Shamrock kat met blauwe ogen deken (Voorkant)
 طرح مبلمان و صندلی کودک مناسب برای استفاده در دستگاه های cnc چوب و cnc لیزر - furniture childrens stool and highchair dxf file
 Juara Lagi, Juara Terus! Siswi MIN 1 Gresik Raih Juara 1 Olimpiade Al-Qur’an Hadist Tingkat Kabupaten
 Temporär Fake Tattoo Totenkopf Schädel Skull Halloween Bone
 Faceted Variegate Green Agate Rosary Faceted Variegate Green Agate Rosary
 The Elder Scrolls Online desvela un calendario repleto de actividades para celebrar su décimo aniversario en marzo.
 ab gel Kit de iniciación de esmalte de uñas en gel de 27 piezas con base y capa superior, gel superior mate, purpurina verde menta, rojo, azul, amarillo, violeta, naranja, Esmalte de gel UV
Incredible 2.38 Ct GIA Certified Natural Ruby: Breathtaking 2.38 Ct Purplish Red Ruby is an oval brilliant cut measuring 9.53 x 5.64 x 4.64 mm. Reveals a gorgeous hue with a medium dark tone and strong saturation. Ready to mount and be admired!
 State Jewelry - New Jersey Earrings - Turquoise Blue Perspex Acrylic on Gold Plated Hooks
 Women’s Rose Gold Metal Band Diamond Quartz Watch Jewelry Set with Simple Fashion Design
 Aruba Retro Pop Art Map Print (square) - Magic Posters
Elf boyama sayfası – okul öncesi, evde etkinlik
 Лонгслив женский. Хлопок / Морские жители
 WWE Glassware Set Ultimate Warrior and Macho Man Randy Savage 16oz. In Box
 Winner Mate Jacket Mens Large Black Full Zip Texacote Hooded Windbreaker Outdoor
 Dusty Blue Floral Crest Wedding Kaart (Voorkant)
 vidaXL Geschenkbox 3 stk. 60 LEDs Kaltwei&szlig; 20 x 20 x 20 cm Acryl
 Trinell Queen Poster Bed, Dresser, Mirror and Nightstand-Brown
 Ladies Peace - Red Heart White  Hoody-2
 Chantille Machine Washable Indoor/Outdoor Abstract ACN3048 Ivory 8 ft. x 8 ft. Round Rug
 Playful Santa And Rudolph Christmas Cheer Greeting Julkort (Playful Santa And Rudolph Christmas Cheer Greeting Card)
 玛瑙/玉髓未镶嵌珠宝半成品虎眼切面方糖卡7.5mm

**WORK REQUIRED**
Restate the material word for word, but only from its first line through the line containing "Faceted Variegate Green Agate Rosary Faceted".

**RESULT FOR THIS EXERCISE**
Shamrock kat met blauwe ogen deken (Voorkant)
 طرح مبلمان و صندلی کودک مناسب برای استفاده در دستگاه های cnc چوب و cnc لیزر - furniture childrens stool and highchair dxf file
 Juara Lagi, Juara Terus! Siswi MIN 1 Gresik Raih Juara 1 Olimpiade Al-Qur’an Hadist Tingkat Kabupaten
 Temporär Fake Tattoo Totenkopf Schädel Skull Halloween Bone
 Faceted Variegate Green Agate Rosary Faceted Variegate Green Agate Rosary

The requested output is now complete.